Ach du meine Güte – Frisch und Brecht haben wir in den 1970ern auch gelesen, und ich glaube nicht, dass die uns geschadet hätten. “Die Wolke” hat in den 1980ern in der Anti-Atomkraftbewegung kaum eine Rolle gespielt; eher dann doch die Tatsache, dass die Konzerne die Gewinne einstreichen und die Folgekosten, was den radioaktiven Abfall angeht, für die nächsten 100.000 Jahre die Gesellschaft tragen soll. Und dass man hierzulande wenig Firmen gründet liegt weniger am Lehrplan als an der überbordenden Bürokratie und der Unzahl von Vorschriften.

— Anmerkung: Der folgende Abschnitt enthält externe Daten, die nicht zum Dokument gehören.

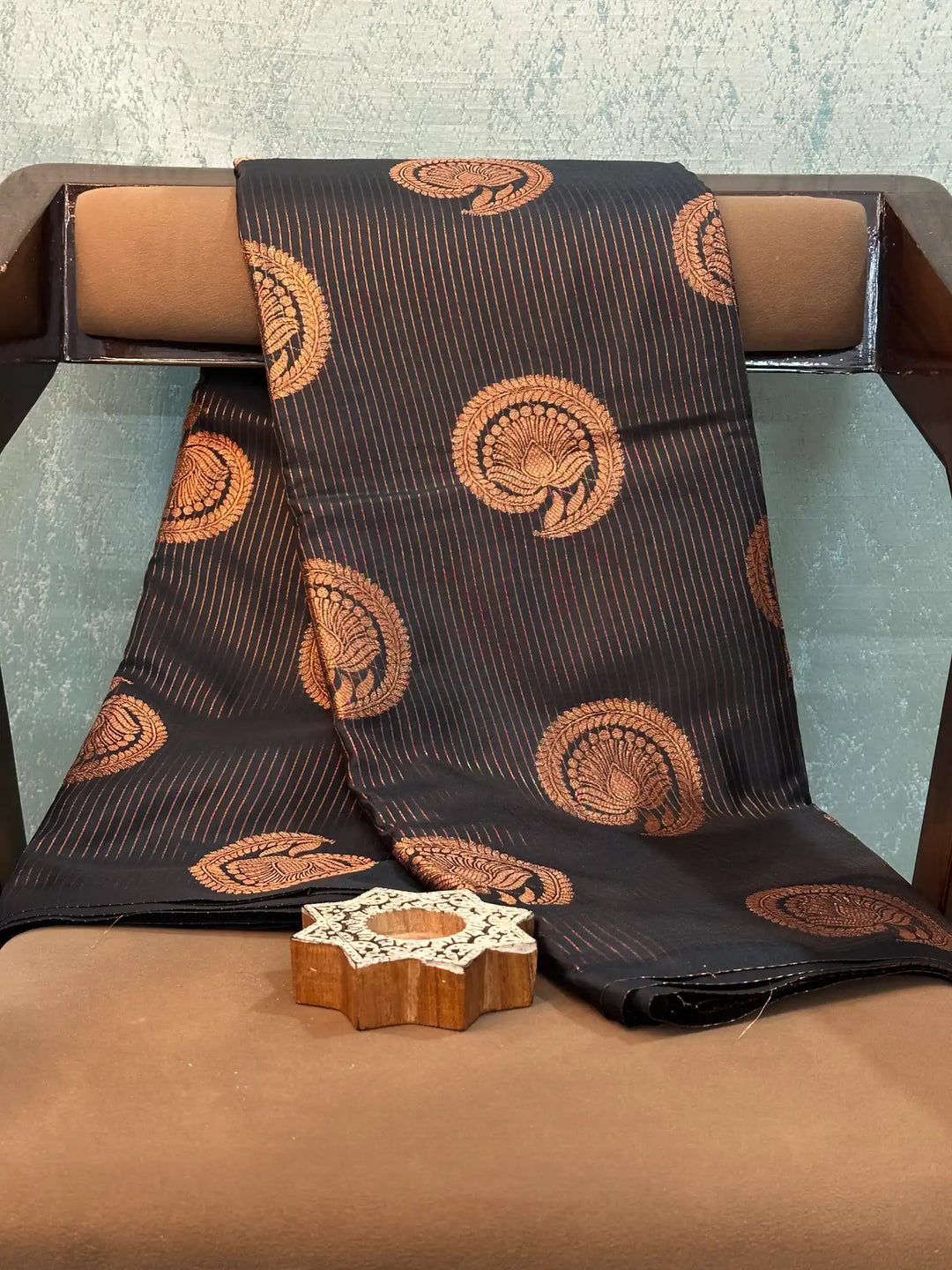 Eccentric Weave Softsilk Traditional Banarasi Saree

Und für die Hauptproblemen der Schulen von heute sind nicht zuletzt die vielen Experten von außerhalb verantwortlich, also diejenigen, die seit 50 Jahren keine Schule mehr von innen gesehen haben.
… stimme Herrn Lemmermeyer zu, etwas zu einseitig, dieser Text; obwohl ich mit der Grundhaltung dahinter durchaus einverstanden bin: Zu viele Köche verderben den Brei – seit Jahrzehnten stimmt dieses Sprichwort für die (Volks-)Schule leider viel zu stark. Auch die zu forcierte Inklusion ist einer guten Grundbildung für alle abträglich, überfordert LP wie SuS und gibt nicht unbedingt eine Heimat für die Klassengemeinschaft, jedenfalls nicht so wie beabsichtigt. Chancengleichheit ist ein Phantom; Chancengerechtigkeit ist anzustreben – eine genug grosse, auszutarierende Herausforderung, die nicht immer gelingt.
Nicht verzichten müssten nur die, welche eh schon alles haben und grossmäulig Verzicht predigen an Kongressen, zu denen sie mit dem Privatjet angereist sind. Oder um Klaus Schwab zu zitieren: Du wirst nichts besitzen und glücklich sein – gilt natürlich nicht für die Privatjet-Gilde.
Nur noch widerlich, diese Arroganz!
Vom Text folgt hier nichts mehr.